Что касается церебральной гемограммы, то церебральная гемограмма у пациентов с головокружением может только указать на нарушение кровоснабжения вертебробазилярной артерии, но не может определить, вызвано ли это нарушение костными или мышечными факторами. В 40 случаях с такими же клиническими проявлениями, как «шейный спондилез позвоночной артерии» и типичной костной дегенерацией шейного отдела позвоночника, которые были диагностированы как «шейный спондилез» по традиционным критериям и неизбежно неэффективны при массажной терапии, автору удалось полностью снять признаки массажа с помощью стимуляции точек давления.
Когда церебральная гемограмма была пересмотрена после стимуляции точек давления, 67,50% аномальных церебральных гемограмм вернулись к норме, 25,00% улучшились и 7,50% были такими же нарушенными, как и раньше. Во-вторых, автор также отобрал 15 случаев «шейного спондилеза», в которых кранио-церебральные признаки были вылечены с помощью операции экстра-вертебрального высвобождения мягких тканей 10 лет назад, и они работали нормально в течение длительного времени после операции без истории рецидива признаков, в то время как церебральная гемограмма все еще показывала нарушения снабжения вертебробазилярной артерии в 60% случаев.

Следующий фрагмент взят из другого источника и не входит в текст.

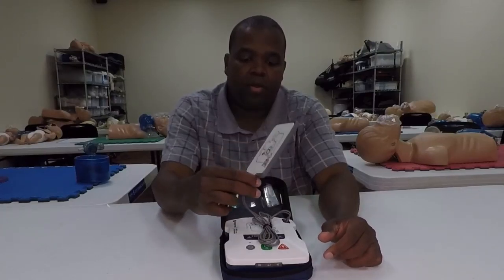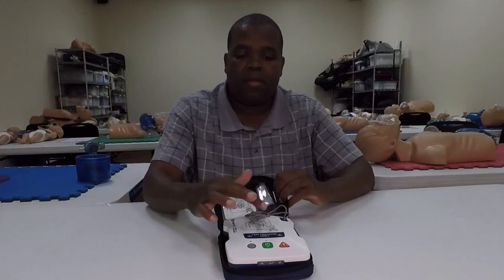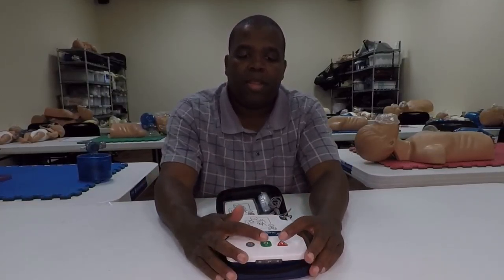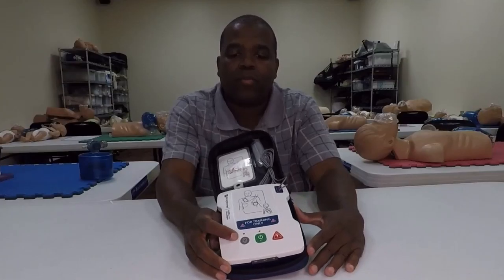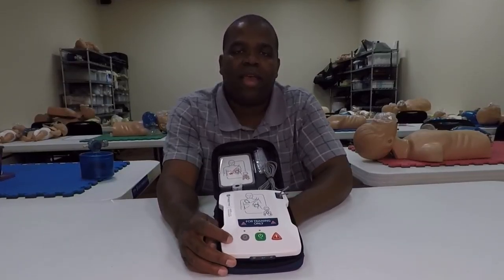We can just stick the pads right on — there's a nice neat little spot for them to be stored. We've got plenty of cable on there. There's a power button here, a shock button here, and there's an extra button right here. Let's go ahead and talk about what that extra button does.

Это приводит к следующему.
(i) шейный спондилез (кроме спинномозгового типа) может быть вылечен сильной стимуляцией точек давления на голову, шею, спину и плечо без лечения дегенеративного шейного отдела позвоночника и костного роста, что указывает на то, что черепно-мозговые признаки не связаны с костным ростом и что истинной причиной является повреждение мягких тканей головы, шеи, спины и плеча вне позвоночного канала;
Исчезновение кранио-церебральных признаков не тождественно возвращению к нормальным изменениям церебральной гемограммы, и между ними нет необходимой причинно-следственной связи (подробнее см. «Клинические исследования патогенеза и диагностические критерии «шейного спондилеза позвоночной артерии»» в вышеупомянутом сборнике).
В настоящее время в ряде дисциплин, особенно в области внутренней медицины и физической диагностики, пациентам с тяжелыми кранио-церебральными признаками, осложненными повреждением мягких тканей шейно-дорсальной и плечевой областей вне позвоночного канала, обычно ставят диагноз «недостаточность вертебробазилярной артерии». Такой диагноз не соответствует… Это срочный и важный вопрос, требующий глубокого обсуждения, переосмысления и постановки диагноза, соответствующего объективной реальности.